** Task objective **
Look through the records that follow. Copy every line containing the word "Leather".

[[ Information supplied open ]]

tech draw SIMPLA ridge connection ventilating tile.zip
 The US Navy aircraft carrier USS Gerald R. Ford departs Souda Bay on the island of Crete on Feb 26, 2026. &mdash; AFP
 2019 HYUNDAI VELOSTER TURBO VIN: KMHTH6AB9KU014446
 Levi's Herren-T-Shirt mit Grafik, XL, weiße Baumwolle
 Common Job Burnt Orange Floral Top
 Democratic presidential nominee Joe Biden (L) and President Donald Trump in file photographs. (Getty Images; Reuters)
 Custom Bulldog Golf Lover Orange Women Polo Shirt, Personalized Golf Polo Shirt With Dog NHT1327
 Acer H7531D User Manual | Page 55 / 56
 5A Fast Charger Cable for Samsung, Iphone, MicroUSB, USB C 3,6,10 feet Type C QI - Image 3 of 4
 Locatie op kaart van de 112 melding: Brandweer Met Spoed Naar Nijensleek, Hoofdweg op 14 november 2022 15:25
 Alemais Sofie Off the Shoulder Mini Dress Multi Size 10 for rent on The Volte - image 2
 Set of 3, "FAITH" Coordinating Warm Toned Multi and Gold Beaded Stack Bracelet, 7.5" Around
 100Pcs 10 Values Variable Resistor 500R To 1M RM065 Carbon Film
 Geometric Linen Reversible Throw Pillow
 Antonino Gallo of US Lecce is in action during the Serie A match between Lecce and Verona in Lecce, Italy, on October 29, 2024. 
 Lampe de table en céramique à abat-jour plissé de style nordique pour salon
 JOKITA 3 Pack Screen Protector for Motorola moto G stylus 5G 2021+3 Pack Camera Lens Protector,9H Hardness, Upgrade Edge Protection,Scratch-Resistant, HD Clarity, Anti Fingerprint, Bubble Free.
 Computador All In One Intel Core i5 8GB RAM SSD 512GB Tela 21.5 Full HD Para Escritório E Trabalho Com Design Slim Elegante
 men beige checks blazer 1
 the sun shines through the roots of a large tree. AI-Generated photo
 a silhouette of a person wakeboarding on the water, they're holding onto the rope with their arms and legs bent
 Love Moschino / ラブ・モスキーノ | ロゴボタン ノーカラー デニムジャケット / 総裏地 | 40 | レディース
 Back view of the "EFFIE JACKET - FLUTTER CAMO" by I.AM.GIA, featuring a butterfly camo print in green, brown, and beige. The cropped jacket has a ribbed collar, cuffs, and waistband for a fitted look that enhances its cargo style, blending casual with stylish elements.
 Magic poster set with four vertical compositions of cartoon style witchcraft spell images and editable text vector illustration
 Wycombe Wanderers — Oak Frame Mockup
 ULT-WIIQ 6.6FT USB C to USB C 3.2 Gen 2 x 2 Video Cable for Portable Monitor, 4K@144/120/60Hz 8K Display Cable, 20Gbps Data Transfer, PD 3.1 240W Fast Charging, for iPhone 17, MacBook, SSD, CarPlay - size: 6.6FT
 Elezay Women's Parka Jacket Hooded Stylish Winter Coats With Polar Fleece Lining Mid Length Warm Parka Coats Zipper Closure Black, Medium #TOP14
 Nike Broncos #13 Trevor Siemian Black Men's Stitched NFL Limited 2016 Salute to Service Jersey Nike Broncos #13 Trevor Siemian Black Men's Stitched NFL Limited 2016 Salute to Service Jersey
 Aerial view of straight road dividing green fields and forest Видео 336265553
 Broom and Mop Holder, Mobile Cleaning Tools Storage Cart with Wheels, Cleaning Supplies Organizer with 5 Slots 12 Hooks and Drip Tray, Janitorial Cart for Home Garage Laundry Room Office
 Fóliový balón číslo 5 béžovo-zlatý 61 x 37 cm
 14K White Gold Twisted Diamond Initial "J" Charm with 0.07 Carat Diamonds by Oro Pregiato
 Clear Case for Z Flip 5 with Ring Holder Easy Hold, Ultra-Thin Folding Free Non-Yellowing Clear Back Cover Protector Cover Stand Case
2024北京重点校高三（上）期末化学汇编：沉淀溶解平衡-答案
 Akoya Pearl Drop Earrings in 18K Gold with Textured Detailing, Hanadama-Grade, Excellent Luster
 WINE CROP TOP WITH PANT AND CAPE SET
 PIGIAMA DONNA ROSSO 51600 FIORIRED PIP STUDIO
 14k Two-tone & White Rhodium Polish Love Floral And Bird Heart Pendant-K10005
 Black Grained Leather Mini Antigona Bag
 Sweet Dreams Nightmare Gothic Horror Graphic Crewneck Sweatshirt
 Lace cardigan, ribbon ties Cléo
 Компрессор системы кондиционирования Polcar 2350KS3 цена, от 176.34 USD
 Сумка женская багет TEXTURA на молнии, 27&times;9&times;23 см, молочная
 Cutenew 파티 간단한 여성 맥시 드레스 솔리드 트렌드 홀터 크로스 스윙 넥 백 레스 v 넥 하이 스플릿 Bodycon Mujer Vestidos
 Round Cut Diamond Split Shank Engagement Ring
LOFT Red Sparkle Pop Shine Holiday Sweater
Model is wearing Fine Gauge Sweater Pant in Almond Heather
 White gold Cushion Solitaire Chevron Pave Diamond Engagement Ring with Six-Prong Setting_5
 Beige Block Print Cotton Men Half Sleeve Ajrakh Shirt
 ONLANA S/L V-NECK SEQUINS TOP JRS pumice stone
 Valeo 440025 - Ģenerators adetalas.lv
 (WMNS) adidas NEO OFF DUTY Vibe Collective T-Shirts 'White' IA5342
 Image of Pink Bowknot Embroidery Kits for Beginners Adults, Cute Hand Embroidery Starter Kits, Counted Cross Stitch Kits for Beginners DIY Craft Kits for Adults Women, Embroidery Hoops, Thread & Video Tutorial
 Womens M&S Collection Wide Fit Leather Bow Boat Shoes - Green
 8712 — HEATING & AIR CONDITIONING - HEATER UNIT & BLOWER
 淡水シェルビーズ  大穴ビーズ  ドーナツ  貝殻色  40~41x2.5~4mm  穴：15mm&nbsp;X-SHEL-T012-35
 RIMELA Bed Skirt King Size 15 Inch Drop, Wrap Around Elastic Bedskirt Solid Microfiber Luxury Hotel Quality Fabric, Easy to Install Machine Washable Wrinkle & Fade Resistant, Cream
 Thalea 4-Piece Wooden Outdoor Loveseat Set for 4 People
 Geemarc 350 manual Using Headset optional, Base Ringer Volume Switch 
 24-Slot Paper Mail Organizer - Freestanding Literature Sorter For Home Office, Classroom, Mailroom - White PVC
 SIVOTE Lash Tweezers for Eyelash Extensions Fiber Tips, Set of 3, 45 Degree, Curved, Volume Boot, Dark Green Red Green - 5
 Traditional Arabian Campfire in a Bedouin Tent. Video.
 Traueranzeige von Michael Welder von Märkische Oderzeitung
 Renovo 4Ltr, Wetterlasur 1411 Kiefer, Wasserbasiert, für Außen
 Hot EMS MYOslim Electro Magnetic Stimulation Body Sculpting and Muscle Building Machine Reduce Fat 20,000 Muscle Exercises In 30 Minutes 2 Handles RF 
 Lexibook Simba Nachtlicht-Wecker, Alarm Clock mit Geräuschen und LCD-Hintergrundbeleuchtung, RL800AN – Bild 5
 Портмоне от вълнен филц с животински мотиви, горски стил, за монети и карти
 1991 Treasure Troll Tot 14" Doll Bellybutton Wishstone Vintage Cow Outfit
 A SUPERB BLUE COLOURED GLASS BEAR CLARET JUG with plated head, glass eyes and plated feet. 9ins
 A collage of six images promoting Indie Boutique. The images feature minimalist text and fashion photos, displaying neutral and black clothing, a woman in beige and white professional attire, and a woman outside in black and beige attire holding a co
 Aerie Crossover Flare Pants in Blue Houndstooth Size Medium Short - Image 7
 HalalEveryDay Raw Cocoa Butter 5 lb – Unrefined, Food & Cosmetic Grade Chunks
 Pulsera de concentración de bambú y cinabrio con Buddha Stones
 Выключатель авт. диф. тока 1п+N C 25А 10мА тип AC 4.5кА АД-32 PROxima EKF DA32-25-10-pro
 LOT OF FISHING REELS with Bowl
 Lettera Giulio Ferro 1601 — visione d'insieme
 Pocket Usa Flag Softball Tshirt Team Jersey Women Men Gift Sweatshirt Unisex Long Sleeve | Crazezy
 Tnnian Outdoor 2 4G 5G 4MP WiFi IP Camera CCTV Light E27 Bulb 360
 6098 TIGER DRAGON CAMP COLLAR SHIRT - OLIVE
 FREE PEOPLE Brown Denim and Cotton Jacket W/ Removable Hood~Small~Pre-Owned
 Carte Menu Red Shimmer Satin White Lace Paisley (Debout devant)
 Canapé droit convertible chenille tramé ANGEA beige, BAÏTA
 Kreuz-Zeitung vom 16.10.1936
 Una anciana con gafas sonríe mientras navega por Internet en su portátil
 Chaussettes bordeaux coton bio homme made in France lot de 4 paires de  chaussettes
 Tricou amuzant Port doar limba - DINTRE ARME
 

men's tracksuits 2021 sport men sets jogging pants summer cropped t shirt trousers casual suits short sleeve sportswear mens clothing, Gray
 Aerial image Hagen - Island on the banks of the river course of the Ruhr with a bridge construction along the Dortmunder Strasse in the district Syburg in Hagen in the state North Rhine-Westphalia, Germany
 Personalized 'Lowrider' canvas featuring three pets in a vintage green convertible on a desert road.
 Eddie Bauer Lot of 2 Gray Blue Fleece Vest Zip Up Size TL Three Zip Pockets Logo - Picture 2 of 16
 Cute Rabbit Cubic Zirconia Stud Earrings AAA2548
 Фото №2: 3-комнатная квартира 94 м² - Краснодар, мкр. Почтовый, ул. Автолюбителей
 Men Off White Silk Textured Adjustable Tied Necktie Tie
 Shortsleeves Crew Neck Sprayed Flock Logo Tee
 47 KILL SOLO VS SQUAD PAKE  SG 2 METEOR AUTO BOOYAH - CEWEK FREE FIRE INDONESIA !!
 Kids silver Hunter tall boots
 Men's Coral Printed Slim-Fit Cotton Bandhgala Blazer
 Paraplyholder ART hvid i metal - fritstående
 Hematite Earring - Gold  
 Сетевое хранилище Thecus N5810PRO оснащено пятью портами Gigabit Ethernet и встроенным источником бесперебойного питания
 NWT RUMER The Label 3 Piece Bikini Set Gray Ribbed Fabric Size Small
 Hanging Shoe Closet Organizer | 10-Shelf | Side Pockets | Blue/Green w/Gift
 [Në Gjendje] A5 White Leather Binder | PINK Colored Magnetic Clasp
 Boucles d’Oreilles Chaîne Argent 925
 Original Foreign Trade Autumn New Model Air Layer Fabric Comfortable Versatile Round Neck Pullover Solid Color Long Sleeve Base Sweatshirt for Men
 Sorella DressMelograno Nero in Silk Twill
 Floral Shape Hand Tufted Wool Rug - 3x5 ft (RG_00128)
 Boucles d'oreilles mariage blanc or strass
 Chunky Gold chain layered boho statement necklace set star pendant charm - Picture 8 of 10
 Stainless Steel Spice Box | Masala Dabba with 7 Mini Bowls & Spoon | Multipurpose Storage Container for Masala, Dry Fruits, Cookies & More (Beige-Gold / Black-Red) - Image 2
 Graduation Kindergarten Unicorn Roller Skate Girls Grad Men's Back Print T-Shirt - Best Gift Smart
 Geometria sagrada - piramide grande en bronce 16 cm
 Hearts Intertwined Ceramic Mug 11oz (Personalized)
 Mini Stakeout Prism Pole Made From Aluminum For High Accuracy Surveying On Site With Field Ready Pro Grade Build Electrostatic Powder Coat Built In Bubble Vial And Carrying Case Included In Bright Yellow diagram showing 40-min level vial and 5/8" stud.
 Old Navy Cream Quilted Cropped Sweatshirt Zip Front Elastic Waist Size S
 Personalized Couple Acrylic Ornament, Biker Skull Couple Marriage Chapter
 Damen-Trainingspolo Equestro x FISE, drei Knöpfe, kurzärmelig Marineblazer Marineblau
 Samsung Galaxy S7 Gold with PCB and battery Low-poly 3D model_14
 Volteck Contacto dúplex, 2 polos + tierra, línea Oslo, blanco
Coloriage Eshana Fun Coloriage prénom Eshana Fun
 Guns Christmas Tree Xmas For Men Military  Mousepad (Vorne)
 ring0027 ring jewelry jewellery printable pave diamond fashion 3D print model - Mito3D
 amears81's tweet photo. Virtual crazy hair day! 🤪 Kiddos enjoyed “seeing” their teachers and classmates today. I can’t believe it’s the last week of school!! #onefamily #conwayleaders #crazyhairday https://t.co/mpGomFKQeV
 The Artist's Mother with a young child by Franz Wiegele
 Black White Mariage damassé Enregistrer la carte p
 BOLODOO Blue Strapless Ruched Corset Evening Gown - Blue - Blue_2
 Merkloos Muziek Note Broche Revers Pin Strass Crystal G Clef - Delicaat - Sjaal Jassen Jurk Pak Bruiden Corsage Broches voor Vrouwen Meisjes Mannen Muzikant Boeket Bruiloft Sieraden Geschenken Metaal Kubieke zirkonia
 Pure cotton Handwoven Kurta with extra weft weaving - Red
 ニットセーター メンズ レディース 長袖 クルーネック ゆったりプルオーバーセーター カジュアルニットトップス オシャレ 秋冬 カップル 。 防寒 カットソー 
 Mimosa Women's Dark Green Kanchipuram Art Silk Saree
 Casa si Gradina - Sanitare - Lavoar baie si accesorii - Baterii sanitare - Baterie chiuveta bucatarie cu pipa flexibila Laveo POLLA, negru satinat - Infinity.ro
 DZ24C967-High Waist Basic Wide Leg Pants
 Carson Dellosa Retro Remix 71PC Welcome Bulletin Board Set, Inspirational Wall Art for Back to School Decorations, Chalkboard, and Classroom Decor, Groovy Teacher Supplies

[[ Information supplied closed ]]

** Written reply **
 Black Grained Leather Mini Antigona Bag
 Womens M&S Collection Wide Fit Leather Bow Boat Shoes - Green
 [Në Gjendje] A5 White Leather Binder | PINK Colored Magnetic Clasp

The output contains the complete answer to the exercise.